■ **Entries shown**
+===+

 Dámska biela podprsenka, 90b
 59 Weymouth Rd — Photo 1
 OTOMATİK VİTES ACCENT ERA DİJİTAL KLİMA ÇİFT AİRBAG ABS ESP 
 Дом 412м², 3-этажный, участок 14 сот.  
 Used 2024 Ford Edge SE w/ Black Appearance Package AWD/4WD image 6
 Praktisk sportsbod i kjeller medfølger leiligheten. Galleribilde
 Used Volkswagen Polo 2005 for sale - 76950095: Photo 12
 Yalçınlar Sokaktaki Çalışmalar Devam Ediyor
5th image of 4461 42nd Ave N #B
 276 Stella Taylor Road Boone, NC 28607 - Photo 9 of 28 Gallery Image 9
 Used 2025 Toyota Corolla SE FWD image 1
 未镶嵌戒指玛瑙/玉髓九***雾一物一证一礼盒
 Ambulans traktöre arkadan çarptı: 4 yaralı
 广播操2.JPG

+===+

■ **Task item**
The line containing "Дом 412м², 3-этажный, участок 14 сот." and every line after it, through the last one above, should be written out word for word.

■ **Result for this task**
 Дом 412м², 3-этажный, участок 14 сот.  
 Used 2024 Ford Edge SE w/ Black Appearance Package AWD/4WD image 6
 Praktisk sportsbod i kjeller medfølger leiligheten. Galleribilde
 Used Volkswagen Polo 2005 for sale - 76950095: Photo 12
 Yalçınlar Sokaktaki Çalışmalar Devam Ediyor
5th image of 4461 42nd Ave N #B
 276 Stella Taylor Road Boone, NC 28607 - Photo 9 of 28 Gallery Image 9
 Used 2025 Toyota Corolla SE FWD image 1
 未镶嵌戒指玛瑙/玉髓九***雾一物一证一礼盒
 Ambulans traktöre arkadan çarptı: 4 yaralı
 广播操2.JPG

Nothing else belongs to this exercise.